With Wall Street Analyst price targets on Ariad Pharmaceuticals (NASDAQ:ARIA) averaging $24.75 through this morning, new data for an early-stage pipeline candidate is causing price targets to rise. At least 3 analysts have raised their price objective for shares of ARIA this morning, and most are calling for the stock to trade into the $30 range, sending the shares higher. Fueling the excitement is the company’s weekend presentation at cancer meeting, ESMO (European Society for Medical Oncology), where it reported positive results from a Phase I dose escalation study for AP26113, the company’s experimental ‘dual ALK/EFGR inhibitor’ for cancer.
Results focused on 29 patients with advanced non-small cell lung cancer (NSCLC) taking 6 different doses of the drug. There were 14 patients enrolled that were ALK+, and 11 patients that were EGFR+. These are markers typically expressed in lung cancer patients, and AP26113 is known to target and kill cancer cells that have these characteristics. Importantly, ARIA reported an Objective Response Rate (ORR) of 73% in evaluable ALK+ patients (8 out of 11 evaluable), which is impressive given that this is just a small dose-finding trial. Additionally, the company saw an ORR of 67% (6 out of 9) in patients resistant to Pfizer’s Xalkori treatment, and an ORR of 100% (2 out of 2) in patients naïve to Xalkori. Also, in 6 evaluable patients that were EGFR+ and resistant to Tarceva, a common lung cancer treatment, 1 partial response (PR) was observed, and 2 patients showed stable disease (SD) resulting in a disease control rate (DCR) of 50%.
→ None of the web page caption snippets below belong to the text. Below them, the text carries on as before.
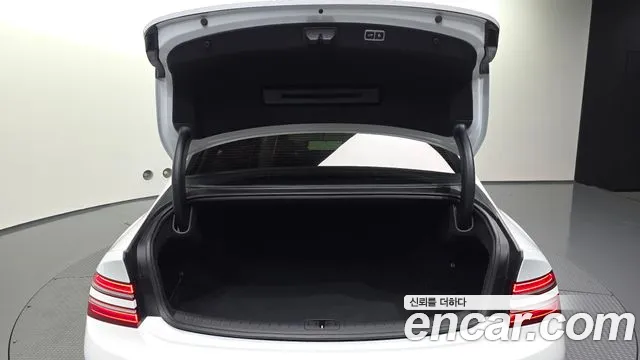 Genesis G80 RG3 — Фото автомобиля 26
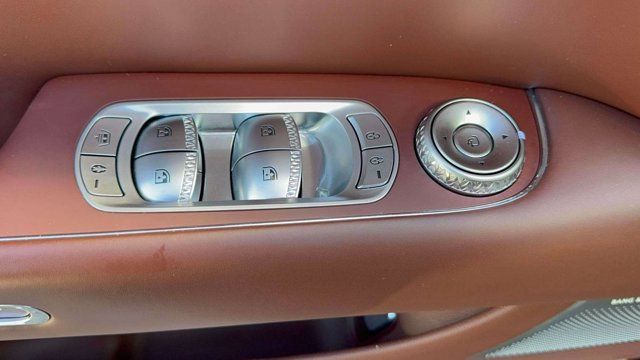 2024 Genesis G90 e-SC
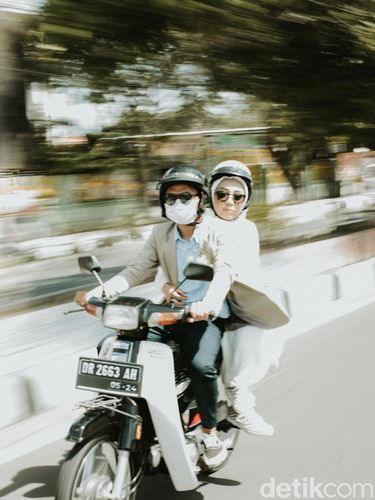 Viral pengantin sesi foto pernikahan di McDonald's bikin kagum.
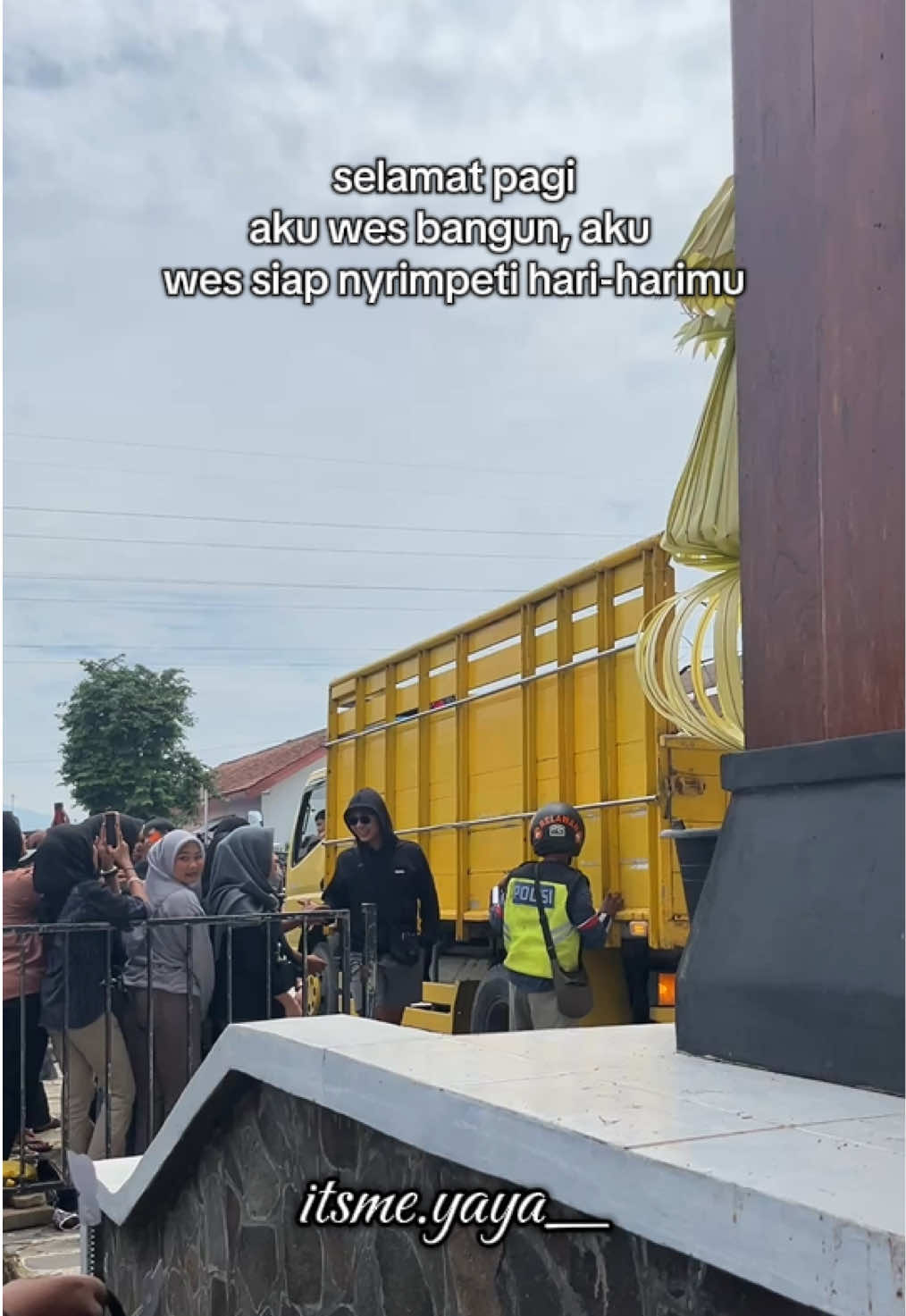 mann sudah siap tak srimpeti hari ini? @BOY REAL. #firmanboy #viraltiktok #pentasgwsm #fypage #garudawisnusatriamuda 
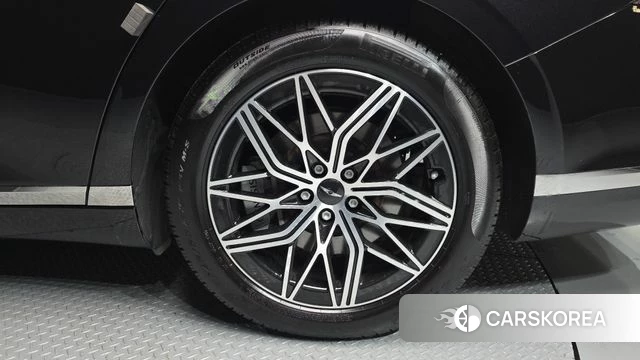 Genesis G90 (RS4) id 3812475 из Кореи 14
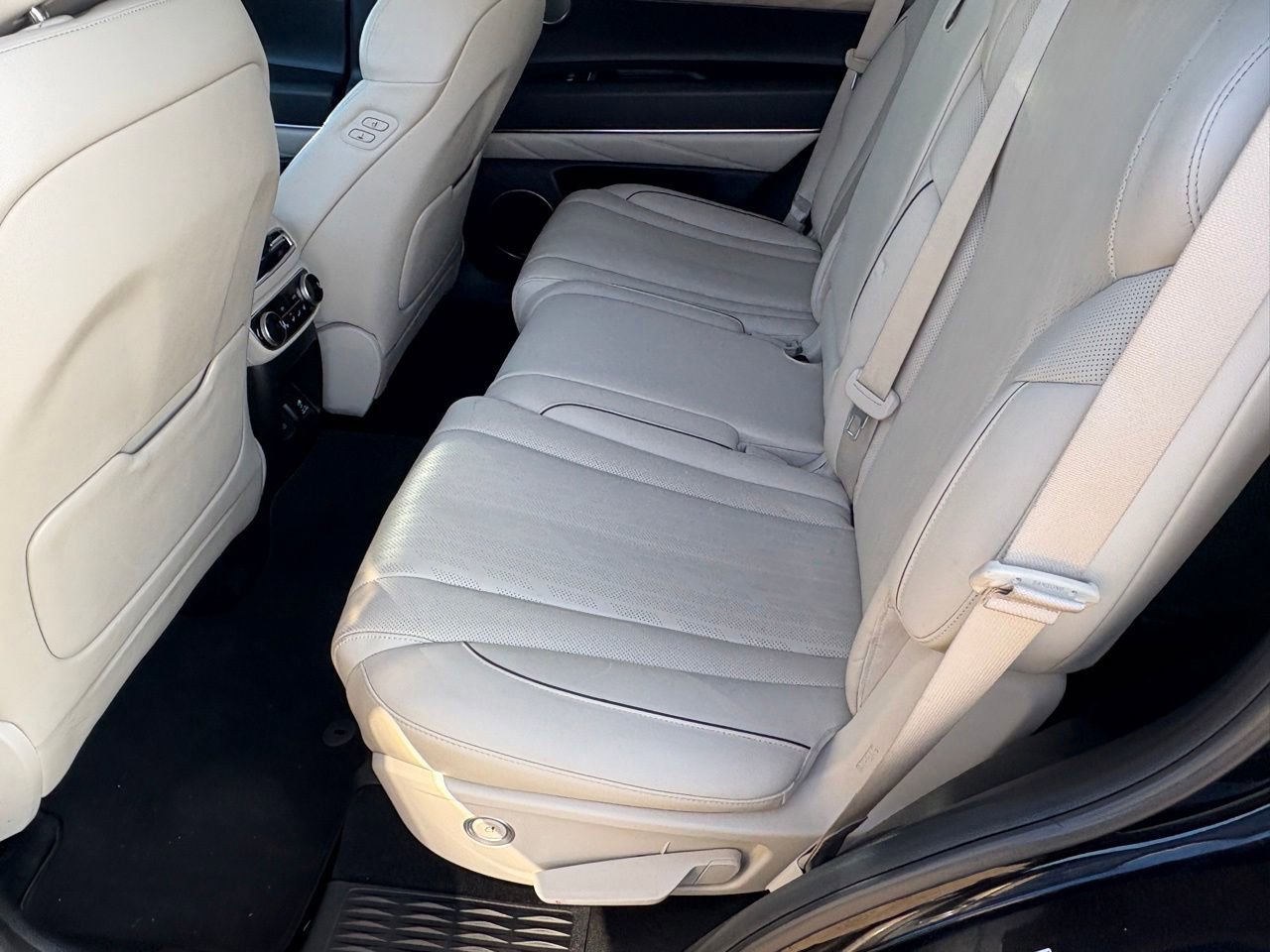Used 2022 Genesis GV80 2.5T w/ Prestige Package 04 AWD/4WD image 26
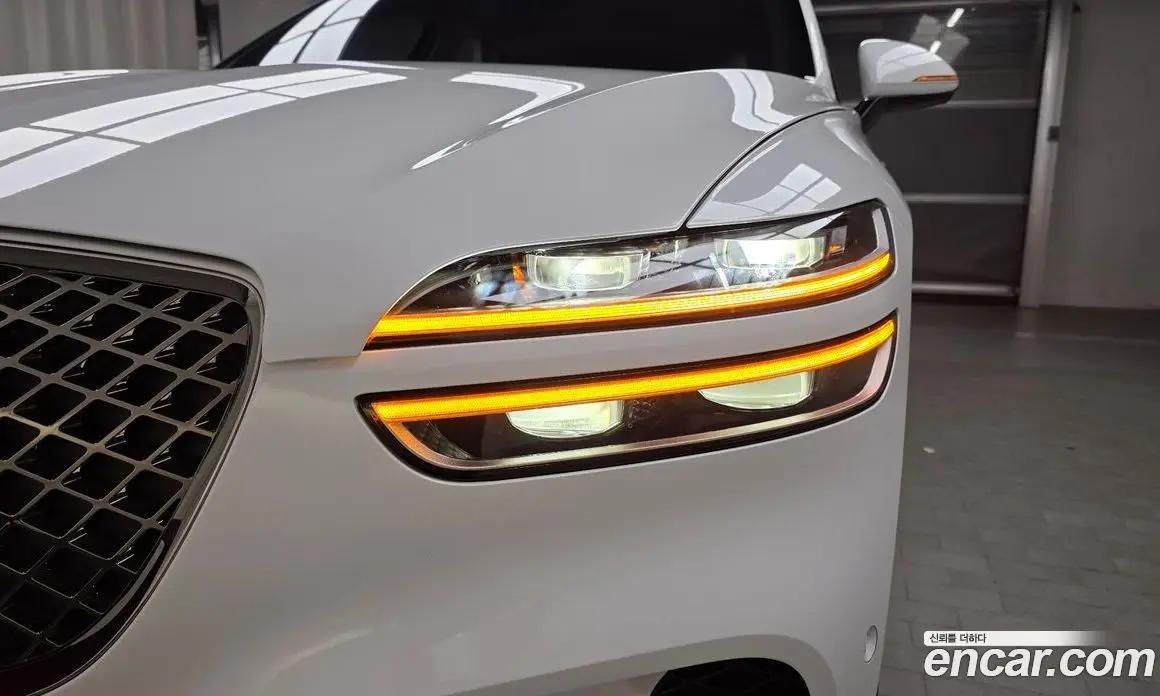 Genesis GV70 2021 2.5 автомат (гидро), фото 7 Genesis GV70 2021 2.5 автомат (гидро), фото 7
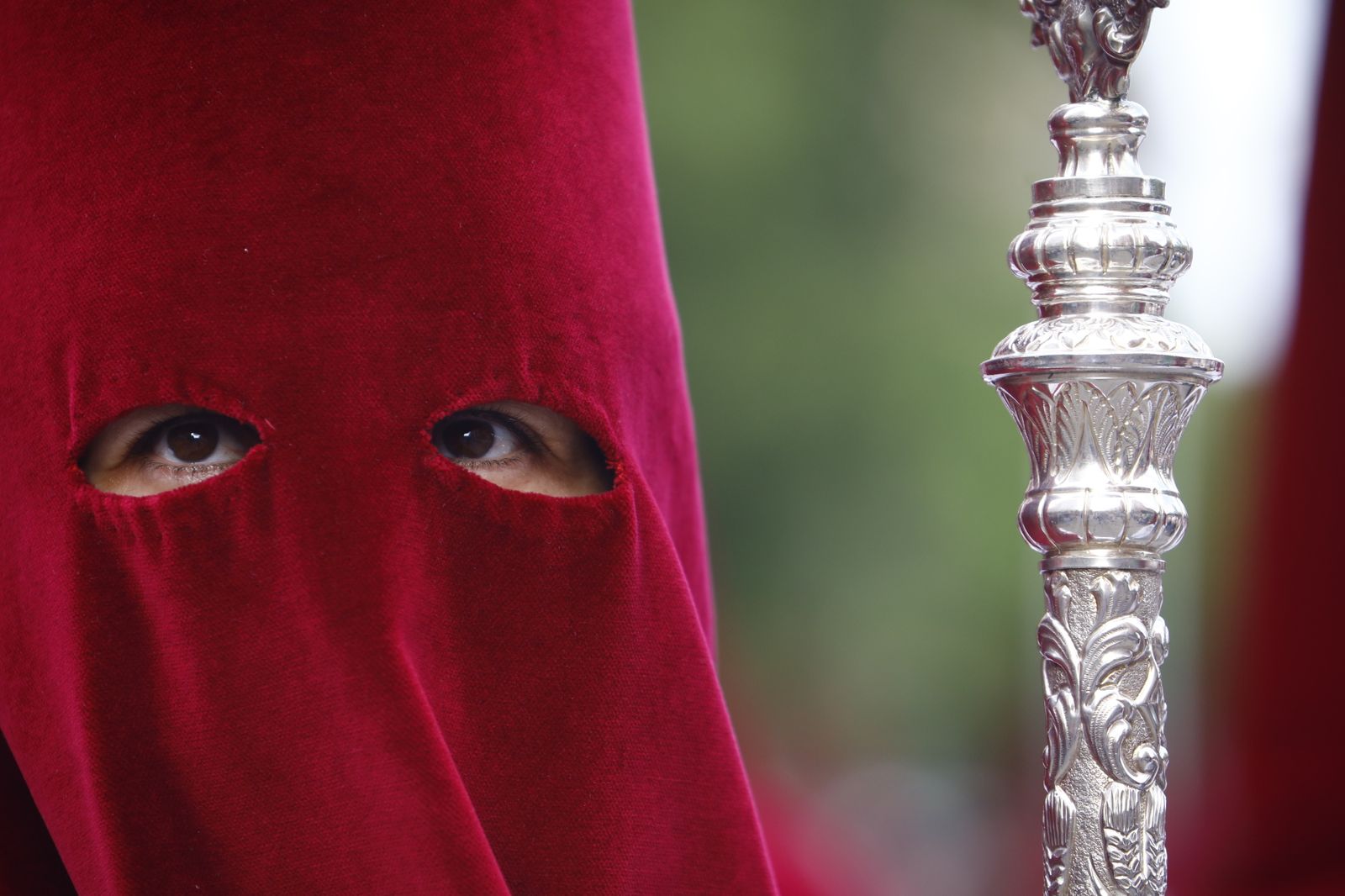 Jueves Santo en Córdoba: La procesión de la Sagrada Cena, en imágenes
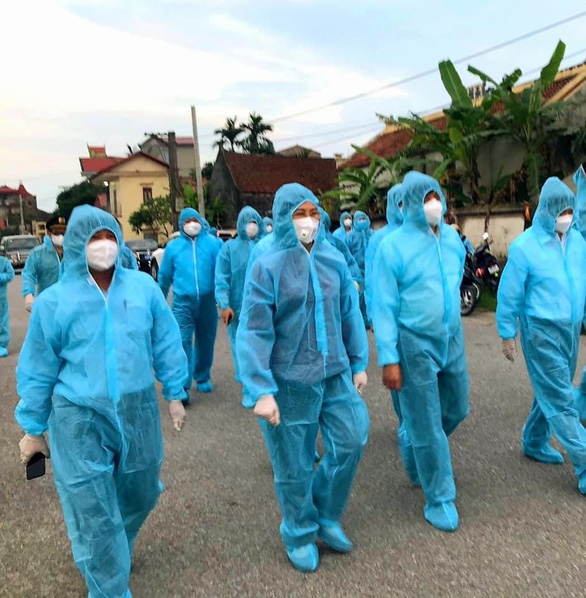 Vietnam health ministry announces 3 local coronavirus infections on morning of Reunification Day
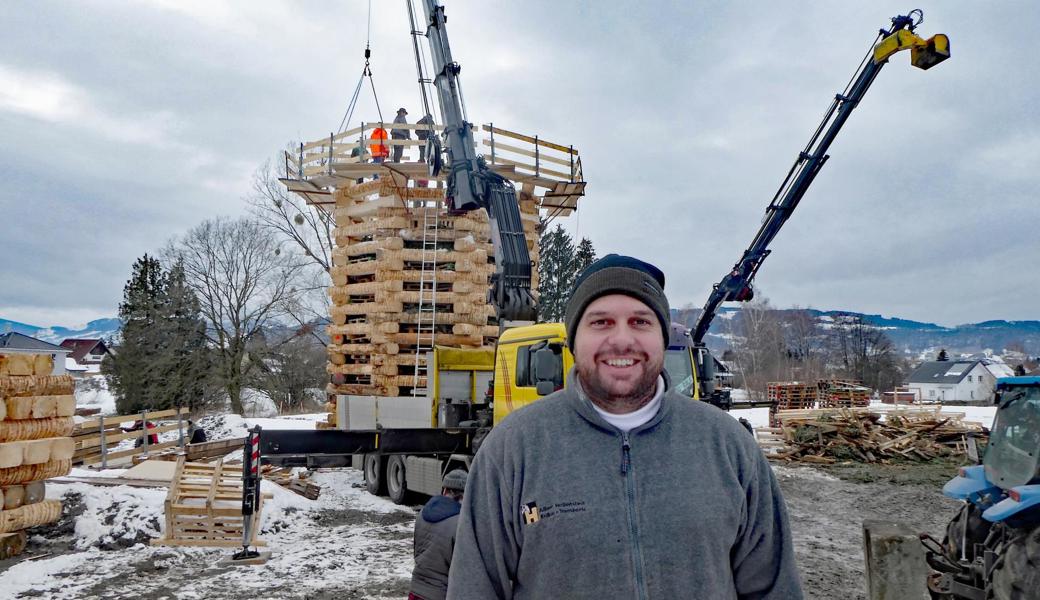 Funkenmeister Marco Hollenstein ist zuversichtlich, den Funken bis am 16. März fertig zu bekommen. Als Mass hat sich die Hofstalder Funkenzunft den höchsten Kirchturm der Marktgemeinde genommen, der knapp 60 Meter misst.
Analysts were most impressed with the ALK+ results, with some noting that the data so far in EGFR+ patients look competitive, but not yet better than seen with other treatments. The ALK inhibitor class is getting significant attention these days with Xalkori on the market, and interesting candidates in development by Novartis (NYSE: NVS), Chugai Pharmaceuticals (OTC:CHGCY), and now Ariad.
Data for AP26113 are still early, however, analysts see the data as evidence that this compound could make its way all the way to the market, hence the increase in value being assigned to ARIA today. Most of the value in ARIA thus far is being driven by lead compound, Ponatinib, undergoing FDA review for Chronic Myelogenous Leukemia (CML), a significant treatment market. Expect shares to continue to rise as more analysts publish on the AP26113 data, and as the company moves closer to potential approval for Ponatinib (expected 1Q 2013).